A heaping 500ml measure (that’s 2 heaping cups) of jamaica “flowers”
300ml (1 and 1/4 cups) of granulated sugar
Lotsa water

A Note About The Sugar: This makes a nicely tart version of this water. If you don’t care for lip-smacking tang, you can add up to 75 ml (1/4 cup) more sugar.

Put 1.5 liters of water (that’s 6 cups, for you 19th century types) in a pot – use one that will only be half full when you add that much water – and bring it to a boil. Dump in the Jamaica and the sugar and stir it constantly until it comes back to the boil and then immediately take it off the heat. The sugar should be completely dissolved at this point, if not, stir it a little longer but do not put it back onto the heat.

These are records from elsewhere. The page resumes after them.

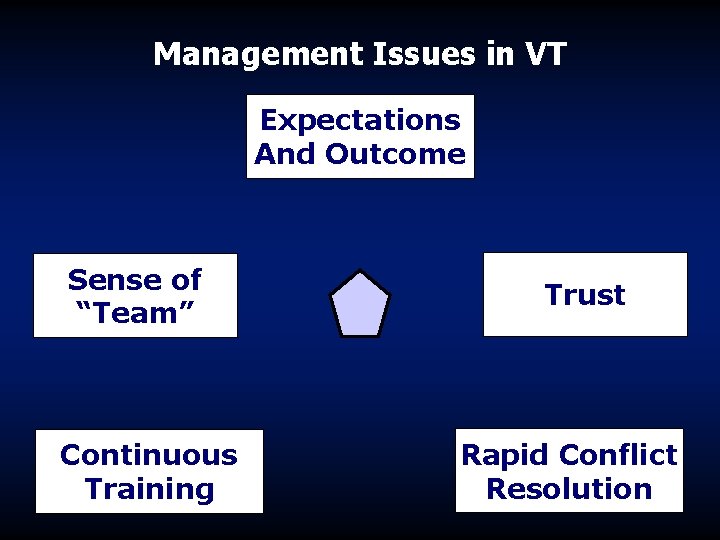 Management Issues in VT Expectations And Outcome Sense of “Team” Continuous Training Trust Rapid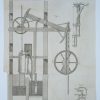 Ansicht 2
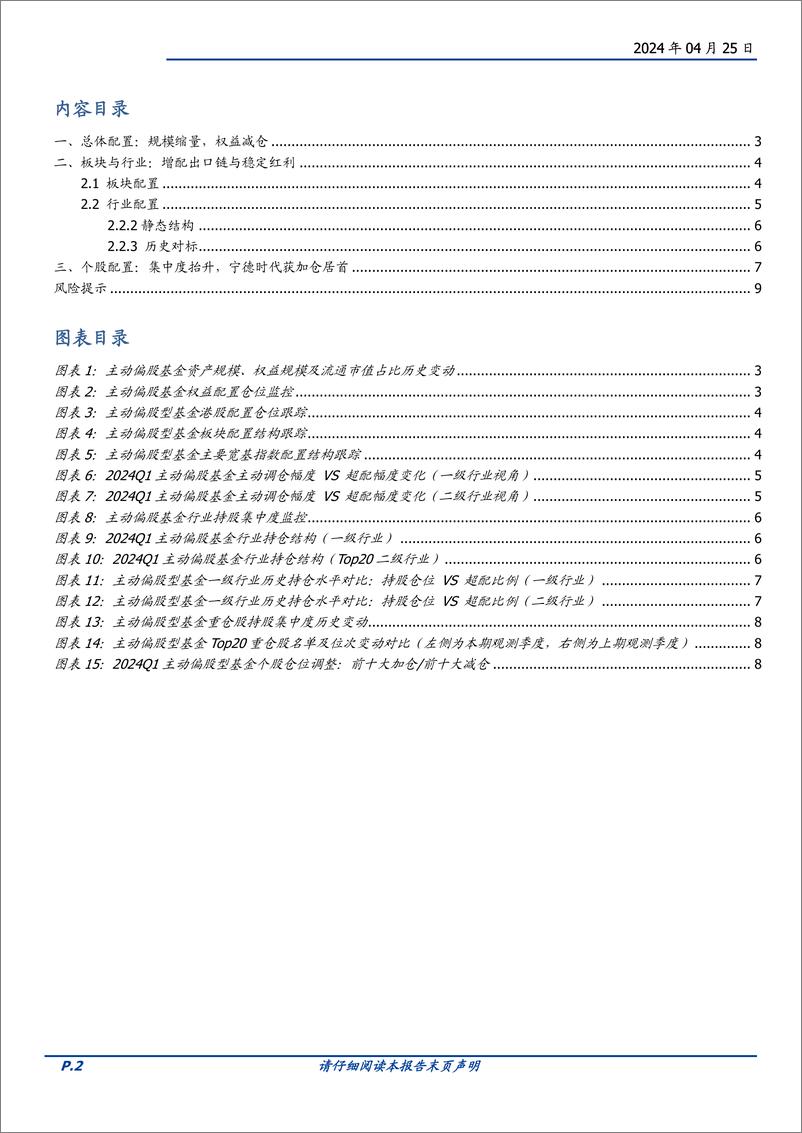 《投资策略-2024Q1基金仓位解析：一季度基金调仓四大看点-240425-国盛证券-10页》 - 第2页预览图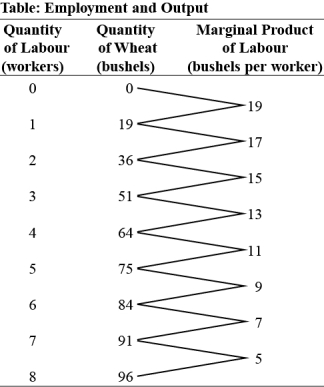 Use the following to answer questions :   -(Table: Employment and Output) Use Table: Employment and Output.In the table,if the price of a kilogram of wheat is $10,then the value of the marginal product of the fifth worker is: A)  $11. B)  $110. C)  $90. D)  $750.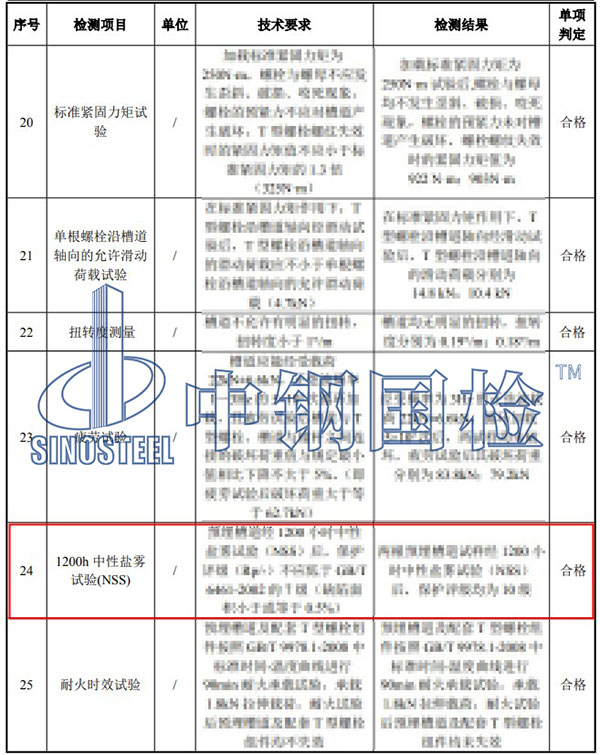 槽道中性鹽霧試驗(yàn)結(jié)果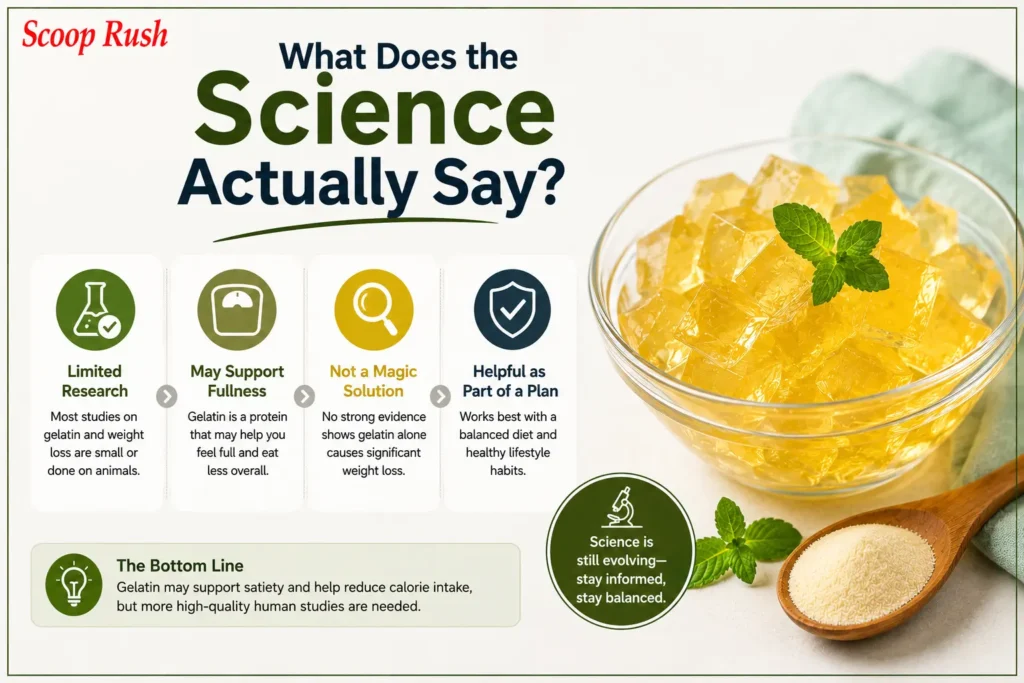 What Does the Science Actually Say?|Scoop Rush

Cover the pot and let it steep for 90 minutes. No more, no less. When the time is up, strain out the jamaica. Gently squeeze the “flowers” to get all of the juice out of them. Chill the juice. When it is cold stir in one more liter (4 cups) of water. You will need a big pitcher to hold it all.
Serve it as is over lots of ice, or if you want some extra tang you can cut it with some sparkling water or seltzer. You can also use it as an interesting replacement for cranberry juice in summery mixed drinks. Use your imagination. And enjoy.